Re: Optimize streaming in of non-prevailing ipa-parm summaries
- From: Richard Biener <richard dot guenther at gmail dot com>
- To: gcc-patches at gcc dot gnu dot org,Jan Hubicka <hubicka at ucw dot cz>
- Date: Sun, 16 Dec 2018 08:21:46 +0100
- Subject: Re: Optimize streaming in of non-prevailing ipa-parm summaries
- References: <20181215211743.b4kzkqfegennl7lz@kam.mff.cuni.cz>
On December 15, 2018 10:17:43 PM GMT+01:00, Jan Hubicka <hubicka@ucw.cz> wrote:
>Hi,
>this patch is motivated by finding that Firefox ipa summaries stream-in
>is fully dominated by streaming edge summaries that are not necessary
>because they lead to external calls or are from comdat functions that
>are unused.
>
>Reading them, populating hashes and later removing them at once
>streaming is finished increases memory use by about 1GB. This patch
>simply adds logic to notice such unnecesary summaries early and not
>put them to memory. This includes ADDR_EXPR that seems to be most
>common
>constant values and are easy to rebuild.

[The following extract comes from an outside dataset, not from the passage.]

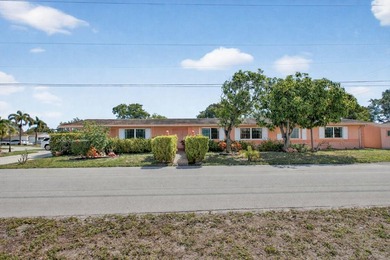 Beach Home For Sale in Deerfield Beach, Florida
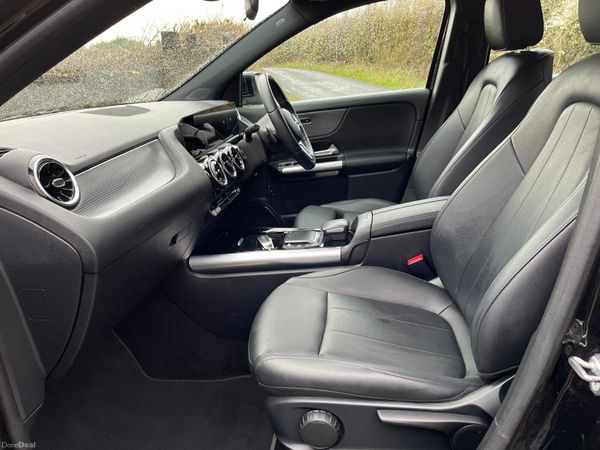 Mercedes-Benz GLA 180 d A/T Progressive 341920378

Don't you want to go the full way decomposing it to sym + offset?
>Our streams are not organized in a way it would be easy to skip
>something so I opted to simply "fast forward" reading the dead data but
>not producing datastructures. We may think of more systematic solution
>next stage1, but there are only two places where this matters -
>ipa-prop
>and ipa-fnsummary I will treat next.
>
>Bootstrapped/regtested x86_64-linux, will commit it shortly.
>
>Honza
>
> * cgraph.h (cgraph_node): Add predicate prevailing_p.
> (cgraph_edge): Add predicate possible_call_in_translation_unit_p.
> * ipa-prop.c (ipa_write_jump_function): Optimize streaming of
>ADDR_EXPR.
> (ipa_read_jump_function): Add prevails parameter; optimize streaming.
> (ipa_read_edge_info): Break out from ...
> (ipa_read_node_info): ... here; optimize streaming.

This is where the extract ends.